Bayerns Ministerpräsident Markus Söder hat der Bundesregierung vorgeworfen, den Freistaat nachweisbar und bewusst zu benachteiligen. "Zusagen wurden storniert, Termine gecancelt und Förderungen gekürzt. Der Chef der Bundesnetzagentur meinte: Die im Süden werden sich jetzt mal wundern und nicht mehr so breitbeinig dastehen", sagte der CSU-Vorsitzende den "Nürnberger Nachrichten" (Donnerstag). Nach neuen Plänen solle Bayern "nicht schon 2030 an das europäische Wasserstoffnetz angeschlossen werden, sondern erst 2050".

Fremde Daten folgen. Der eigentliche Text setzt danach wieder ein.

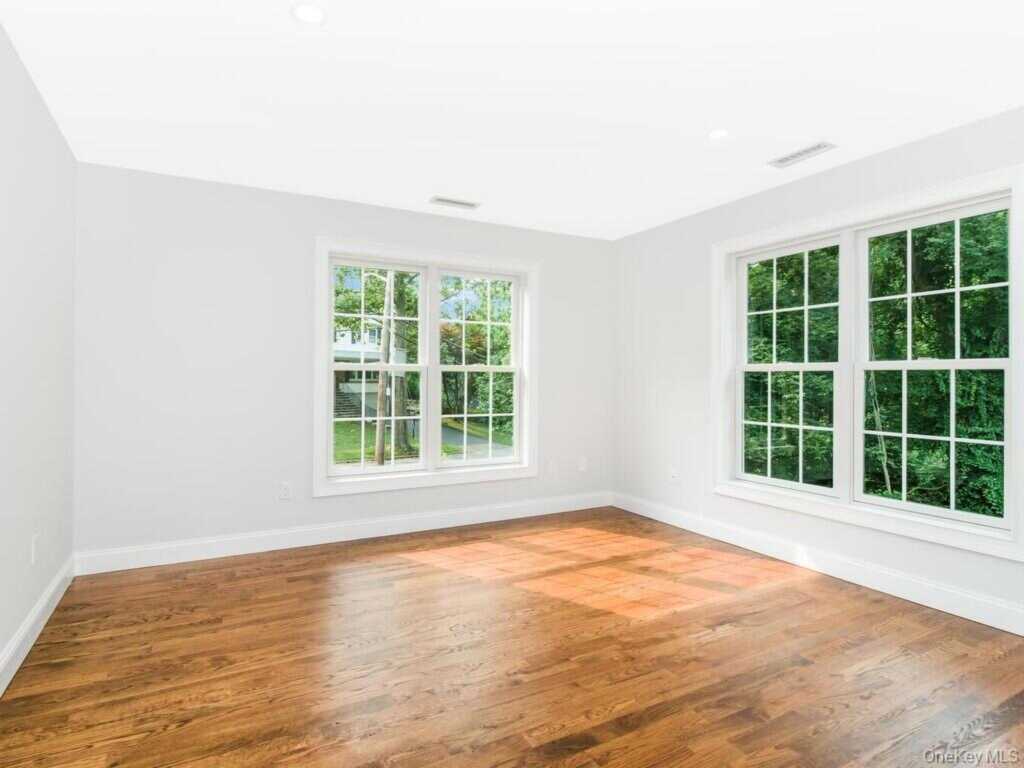 1 Kewanee Road, New Rochelle, NY 10804 - Photo 17 of 28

Er fordere einen fairen Umgang, habe jedoch den Eindruck: "Es soll bewusst der Norden bevorzugt und der Süden benachteiligt werden", sagte Söder. Scharfe Kritik übte der CSU-Chef auch an SPD, FDP und den Grünen im Freistaat: "Leider fallen die Ampel-Parteien in Bayern komplett aus. Der Grünen-Landesvorsitzende weigert sich öffentlich, sich für Bayern einzusetzen."

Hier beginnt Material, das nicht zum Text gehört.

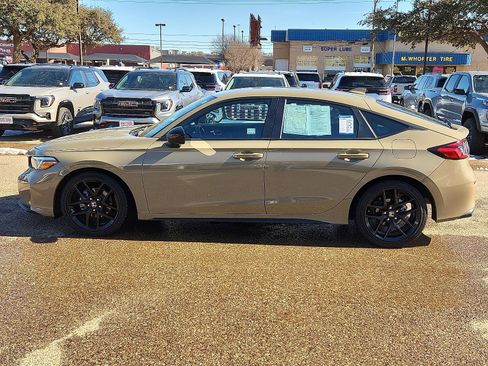 Used 2025 Honda Civic Sport image 2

Bayern sei bei erneuerbarer Energie "vor jedem grün regierten Bundesland und bundesweit auf Platz zwei - mit mehr als doppelt so viel erzeugtem Strom wie Baden-Württemberg". Wer Sorge vor Energieausfall habe, müsse aber die Atomkraft weiterlaufen lassen, sagte Söder. Ein TÜV-Gutachten habe belegt, dass das machbar und sicher sei. Greenpeace habe ein früheres Greenpeace-Vorstandsmitglied beauftragt, den TÜV zu kritisieren. "Das ist ein Anwalt aus Hamburg, der wahrscheinlich noch nie in seinem Leben in einem bayerischen AKW war. Ob der das wirklich besser beurteilen kann als der TÜV?" Mit kalt Duschen und etwas weniger Beleuchtung allein werde es Deutschland nicht durch den Winter schaffen. "Die Ampel zögert und verschleppt alles, was die Südversorgung mit Gas betrifft", sagte Söder.
Söder fordert von Scholz mehr Tempo für längere Atom-Laufzeiten
Nach der verhaltenen Aussage von Bundeskanzler Olaf Scholz zu längeren Atom-Laufzeiten fordert CSU-Chef Söder von der Bundesregierung mehr Tempo. "Warum wieder nur halbherzig? Die Ampel hat bei der Kernenergie viel zu lange gezögert und mit Unwahrheiten gearbeitet. Jetzt braucht es endlich Entscheidungen", sagte der bayerische Ministerpräsident am Mittwochabend der Deutschen Presse-Agentur in München.
Scholz hatte am Nachmittag in Mülheim an der Ruhr erklärt, er halte längere Laufzeiten für die drei verbliebenen Reaktoren in Deutschland über das Jahresende hinaus für möglich. Zwar seien die Atomkraftwerke nur relevant für einen kleinen Teil der Stromproduktion, "aber trotzdem kann das Sinn machen, denn der Ausbaustand, was die Erneuerbaren Energien betrifft, ist in den einzelnen Ländern in Deutschland sehr unterschiedlich", sagte der SPD-Politiker. Insbesondere in Bayern sei der Ausbau der Windenergie sehr langsam vorangegangen.
Söder wies die Kritik umgehend zurück: "Der Bundeskanzler unterliegt leider einem Irrtum, wenn er den Ausbau der Erneuerbaren in Bayern kritisiert." Auch 2022 habe Bayern bei den Erneuerbaren Energien mit großem Vorsprung seinen Spitzenplatz verteidigt. "Mit weit über 1000 Megawatt im ersten Halbjahr liegen wir beim Netto-Ausbau deutlich vor allen anderen Ländern. Auch bei der installierten Gesamtleistung ist Bayern Erster."